Em nosso percurso até o Net Zero, tem sido bastante ressaltada a necessidade global de cobalto e lítio. No entanto, também devemos prestar atenção ao que está acontecendo com metais básicos como o cobre.
É provável que falte cobre
O cobre é certamente tão vital para que possamos zerar as emissões líquidas de gases do efeito estufa quanto metais que vêm ganhando mais destaque, como o cobalto e lítio. Para ter uma ideia de sua importância na jornada rumo ao Net Zero, os veículos elétricos à bateria contêm quatro vezes mais cobre do que um carro com motor de combustão interna.
O que até agora não está claro, contudo, é de onde virá esse material.

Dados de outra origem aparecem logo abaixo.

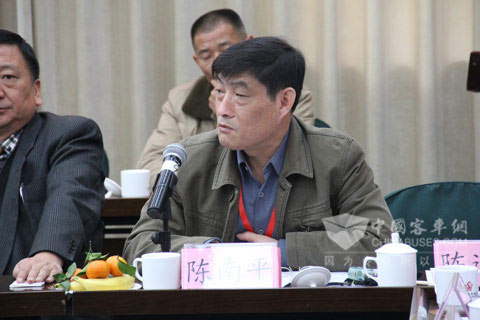 南京長(zhǎng)客集團(tuán)工業(yè)公司辦公室主任陳南平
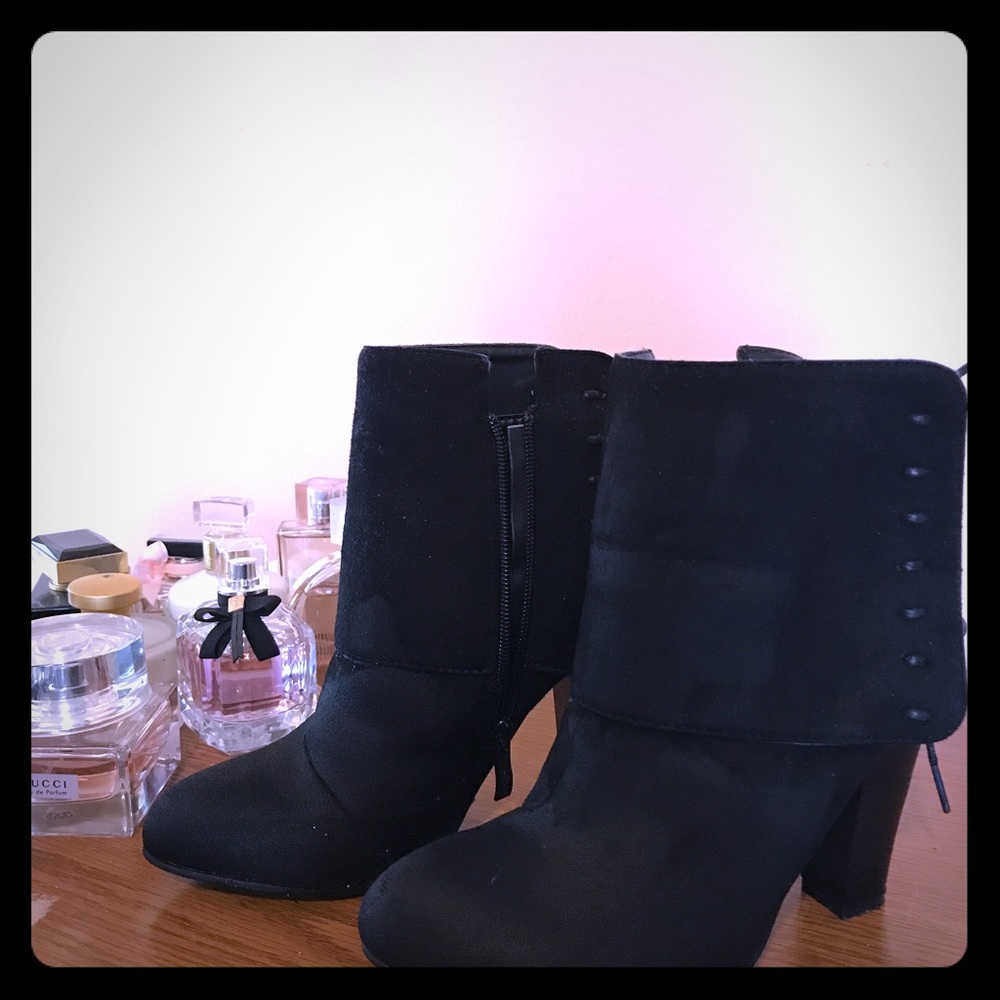 Lovely pair of booties!! All seasons!! 🎁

Atualmente, o cobre parece ter se restabelecido acima de US$ 8.000/t, tendo permanecido abaixo deste patamar durante grande parte do quarto trimestre de 2022. Os estoques da London Metal Exchange (LME) encontram-se em níveis mínimos históricos, e a Codelco, maior produtora de cobre do mundo, está oferecendo um prêmio recorde de US$ 235/t para a Europa em 2023.
Por enquanto, parece que as preocupações com a economia mundial foram superadas por problemas de abastecimento decorrentes da escassez de água no Chile e teores de minério mais baixos nos principais países mineradores, percalços que provavelmente farão com que o aumento da produção nas minas neste ano não chegue a 2%.
Mas a atual dinâmica do mercado mascara uma tendência mais preocupante, e que já está evidente há algum tempo, de que simplesmente para acompanhar a demanda precisamos de mais oferta. Ou seja, precisávamos de um grande número de novos projetos em desenvolvimento –e isso não aconteceu.
E, a menos que isso mude, os analistas estimam que a lacuna na oferta pode chegar a vários milhões de toneladas até meados da próxima década. Segundo os nossos estudos, o fornecimento global de cobre deverá diminuir a partir de 2025 e ficar assim até pelo menos o final desta década.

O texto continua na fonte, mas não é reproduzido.